To what extent did the NLU model actually succeed and what factors were responsible for its failure are pertinent questions. Former Chief Justice of India Ranjan Gogoi raised the issue when he addressed the annual convocation at NLU, Delhi, in August 2019. He spoke of how the purpose of law schools was to produce lawyers who would serve the country as leaders of the Bar, adjudicators on the bench, and educators. He underlined the importance of lawyers in moulding the law. He called for introspection to understand why a law graduate’s natural choice was not litigation and how the five-year law school model had not brought about the expected transformation.
Higher education costs also impact career choices of graduates. Greater debt and drained savings put pressure on students to start earning immediately, affect their choice of specialisation, forcing them to forego their actual interests and let go of further opportunities. They have to settle for lower-paying, lower-skill jobs just so they can start paying their bills right away. A number of these young graduates have to sign up for corporate jobs because of this lack of real choice, as the latest statistics show (see table).
This is not to look down on those opting for corporate jobs, but to question whether they had an actual choice of opting for something else. Students bearing mounting financial burdens are deprived of real choice and are forced to opt for what the market incentivises rather than what society requires or what they themselves dreamt of.
For instance, taking up litigation and joining an advocate’s chambers is thought to provide more hands-on experience and skills than a firm job can. Indeed, many luminaries of the Bar frequently reminisce about working under legendary advocates without pay in their starting years. They were the lucky few who had the wealth to take care of their subsistence during this training period in their early years. Yet, these limited positions are characterised by poor pay (Rs.20-30,000 a month) and are thus beyond the reach of the average graduate under pressure to pay off his/her student debt. There are even fewer takers for policy think tanks, the judiciary and the civil services because of similar reasons.
The way ahead
It is important in this context to emphasise the aim of establishing the National Law Schools. As the NLSIU Act of 1986 stated, the aim was to “to develop in the student and research scholar a sense of responsibility to serve society” so that he or she would actively participate in social engineering, transformative research and policymaking, and to promote permeation of law and justice in society. Rising costs have had an adverse impact on the class composition of the student populace and even its career choices, imposing an immeasurable cost on society itself.

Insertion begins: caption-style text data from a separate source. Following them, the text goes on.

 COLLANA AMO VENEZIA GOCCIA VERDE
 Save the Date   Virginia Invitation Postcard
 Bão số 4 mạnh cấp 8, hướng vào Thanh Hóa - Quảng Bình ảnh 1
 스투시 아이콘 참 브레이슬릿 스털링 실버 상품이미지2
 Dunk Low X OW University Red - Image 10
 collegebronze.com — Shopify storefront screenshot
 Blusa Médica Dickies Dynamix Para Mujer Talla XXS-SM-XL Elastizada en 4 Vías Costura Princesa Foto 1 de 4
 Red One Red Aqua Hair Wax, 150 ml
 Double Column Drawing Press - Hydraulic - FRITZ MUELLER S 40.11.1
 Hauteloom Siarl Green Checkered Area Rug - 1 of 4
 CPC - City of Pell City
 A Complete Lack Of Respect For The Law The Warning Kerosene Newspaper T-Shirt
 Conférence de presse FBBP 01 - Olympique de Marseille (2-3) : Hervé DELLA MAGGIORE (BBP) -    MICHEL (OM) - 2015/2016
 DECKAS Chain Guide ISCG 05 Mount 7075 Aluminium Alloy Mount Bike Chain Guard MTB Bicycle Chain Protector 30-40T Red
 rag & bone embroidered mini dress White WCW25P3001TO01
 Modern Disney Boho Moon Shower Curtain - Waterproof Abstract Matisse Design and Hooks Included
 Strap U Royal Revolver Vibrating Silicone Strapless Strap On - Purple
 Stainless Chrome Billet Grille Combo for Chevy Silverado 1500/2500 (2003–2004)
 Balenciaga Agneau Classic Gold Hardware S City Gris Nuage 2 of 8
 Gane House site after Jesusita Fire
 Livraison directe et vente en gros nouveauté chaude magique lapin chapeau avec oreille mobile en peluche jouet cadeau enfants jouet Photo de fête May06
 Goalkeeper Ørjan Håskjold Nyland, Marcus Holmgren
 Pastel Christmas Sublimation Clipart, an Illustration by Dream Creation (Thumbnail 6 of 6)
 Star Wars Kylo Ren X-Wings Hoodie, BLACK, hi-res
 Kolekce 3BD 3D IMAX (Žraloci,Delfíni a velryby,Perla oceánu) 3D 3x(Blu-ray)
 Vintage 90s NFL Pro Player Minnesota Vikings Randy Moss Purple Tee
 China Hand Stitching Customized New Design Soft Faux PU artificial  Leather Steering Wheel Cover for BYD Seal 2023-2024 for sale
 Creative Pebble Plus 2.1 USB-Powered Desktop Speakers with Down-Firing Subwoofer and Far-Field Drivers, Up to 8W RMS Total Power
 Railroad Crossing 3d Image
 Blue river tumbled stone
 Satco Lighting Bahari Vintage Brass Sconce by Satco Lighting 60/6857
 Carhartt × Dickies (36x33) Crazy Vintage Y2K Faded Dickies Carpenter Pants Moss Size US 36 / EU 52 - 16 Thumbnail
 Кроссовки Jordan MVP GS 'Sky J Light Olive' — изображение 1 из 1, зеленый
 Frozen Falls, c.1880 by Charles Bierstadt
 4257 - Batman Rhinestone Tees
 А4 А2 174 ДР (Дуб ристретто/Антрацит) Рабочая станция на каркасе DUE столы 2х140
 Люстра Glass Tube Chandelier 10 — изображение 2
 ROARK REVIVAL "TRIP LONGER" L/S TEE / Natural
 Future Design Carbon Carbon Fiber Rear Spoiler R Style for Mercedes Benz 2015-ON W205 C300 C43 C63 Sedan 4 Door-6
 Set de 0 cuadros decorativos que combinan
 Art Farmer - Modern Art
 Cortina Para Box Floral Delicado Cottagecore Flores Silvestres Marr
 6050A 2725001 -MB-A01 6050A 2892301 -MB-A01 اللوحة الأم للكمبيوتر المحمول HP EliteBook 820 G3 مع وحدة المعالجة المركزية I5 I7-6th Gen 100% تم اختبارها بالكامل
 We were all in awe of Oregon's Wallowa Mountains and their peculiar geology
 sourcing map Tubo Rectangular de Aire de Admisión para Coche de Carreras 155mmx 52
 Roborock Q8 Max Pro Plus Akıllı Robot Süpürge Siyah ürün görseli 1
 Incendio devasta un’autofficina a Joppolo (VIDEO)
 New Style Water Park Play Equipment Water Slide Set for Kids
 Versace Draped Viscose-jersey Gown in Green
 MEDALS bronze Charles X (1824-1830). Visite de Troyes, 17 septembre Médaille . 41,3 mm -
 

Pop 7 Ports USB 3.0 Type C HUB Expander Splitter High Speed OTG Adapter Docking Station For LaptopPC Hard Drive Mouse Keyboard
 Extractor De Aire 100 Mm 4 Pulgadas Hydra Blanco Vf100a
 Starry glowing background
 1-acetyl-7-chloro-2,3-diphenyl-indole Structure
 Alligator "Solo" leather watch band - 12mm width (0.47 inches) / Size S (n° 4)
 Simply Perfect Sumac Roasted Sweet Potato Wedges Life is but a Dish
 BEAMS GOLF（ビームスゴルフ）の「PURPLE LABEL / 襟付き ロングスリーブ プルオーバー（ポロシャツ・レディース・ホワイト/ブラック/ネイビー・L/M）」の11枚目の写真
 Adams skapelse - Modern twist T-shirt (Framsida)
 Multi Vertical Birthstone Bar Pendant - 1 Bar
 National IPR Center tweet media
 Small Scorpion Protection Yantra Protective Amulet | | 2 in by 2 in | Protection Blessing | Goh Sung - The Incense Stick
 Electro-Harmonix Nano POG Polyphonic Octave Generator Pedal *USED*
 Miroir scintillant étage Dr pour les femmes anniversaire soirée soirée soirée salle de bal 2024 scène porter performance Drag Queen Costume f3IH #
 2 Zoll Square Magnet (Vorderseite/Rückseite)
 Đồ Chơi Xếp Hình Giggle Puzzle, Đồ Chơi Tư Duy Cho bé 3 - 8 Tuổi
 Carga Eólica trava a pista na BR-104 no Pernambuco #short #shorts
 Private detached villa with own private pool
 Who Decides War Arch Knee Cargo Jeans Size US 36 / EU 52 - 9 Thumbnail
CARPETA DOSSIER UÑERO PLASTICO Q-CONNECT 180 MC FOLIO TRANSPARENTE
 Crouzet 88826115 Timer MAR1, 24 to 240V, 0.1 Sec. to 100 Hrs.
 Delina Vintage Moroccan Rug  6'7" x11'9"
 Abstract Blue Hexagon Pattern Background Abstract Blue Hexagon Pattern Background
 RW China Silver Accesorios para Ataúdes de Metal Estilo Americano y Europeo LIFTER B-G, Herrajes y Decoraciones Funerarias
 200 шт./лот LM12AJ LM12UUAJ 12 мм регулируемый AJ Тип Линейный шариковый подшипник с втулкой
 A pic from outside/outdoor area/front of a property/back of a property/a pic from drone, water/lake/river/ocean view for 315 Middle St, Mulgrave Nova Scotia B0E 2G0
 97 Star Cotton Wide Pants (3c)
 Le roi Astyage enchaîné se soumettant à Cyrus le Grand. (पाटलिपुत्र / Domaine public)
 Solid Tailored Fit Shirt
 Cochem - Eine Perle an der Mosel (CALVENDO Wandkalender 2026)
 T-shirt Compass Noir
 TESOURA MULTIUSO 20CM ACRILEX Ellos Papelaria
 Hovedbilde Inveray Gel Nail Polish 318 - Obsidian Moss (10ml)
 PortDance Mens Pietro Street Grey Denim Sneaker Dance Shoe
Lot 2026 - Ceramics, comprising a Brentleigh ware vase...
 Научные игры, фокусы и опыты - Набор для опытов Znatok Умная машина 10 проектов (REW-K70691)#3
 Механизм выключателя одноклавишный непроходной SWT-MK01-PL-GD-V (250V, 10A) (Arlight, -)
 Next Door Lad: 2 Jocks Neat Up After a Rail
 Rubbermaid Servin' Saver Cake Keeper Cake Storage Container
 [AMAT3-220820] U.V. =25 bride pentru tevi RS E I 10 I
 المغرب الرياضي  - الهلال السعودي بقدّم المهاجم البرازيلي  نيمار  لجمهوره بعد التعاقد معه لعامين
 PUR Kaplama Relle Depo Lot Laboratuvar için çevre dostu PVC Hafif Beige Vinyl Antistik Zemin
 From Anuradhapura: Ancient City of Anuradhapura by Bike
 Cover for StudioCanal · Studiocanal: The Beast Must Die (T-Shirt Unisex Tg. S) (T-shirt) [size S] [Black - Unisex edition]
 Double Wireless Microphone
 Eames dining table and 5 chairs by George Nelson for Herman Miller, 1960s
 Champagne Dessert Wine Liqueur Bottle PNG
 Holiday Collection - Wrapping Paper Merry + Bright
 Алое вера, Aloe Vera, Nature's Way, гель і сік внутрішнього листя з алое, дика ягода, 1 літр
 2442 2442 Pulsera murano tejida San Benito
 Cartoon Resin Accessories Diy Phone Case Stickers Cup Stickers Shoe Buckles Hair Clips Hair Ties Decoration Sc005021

If the rising cost of legal education goes unchecked, it will have dangerous implications for the future. The fallout would be these institutions becoming ivory towers with students from poorer backgrounds being forced into debt traps or dropping out. This issue should figure in the priorities of anyone who professes support for education and justice.
Government intervention to support NLUs, increase scholarship grants and roll back fees is the need of the hour. Instead of only finding fault with NLUs and their beleaguered students, eminent members of the Bar and the bench should also recognise their responsibility to provide real support to such initiatives. They wield great lobbying power and resources to effectuate real change.
Prannv Dhawan and Devansh Kaushik are students at the National Law School of India University, Bengaluru. Dhawan leads the National Constitution Society at the university, while Kaushik is Deputy Team Leader (Karnataka Chapter) of the Increasing Diversity by Increasing Access (IDIA) organisation.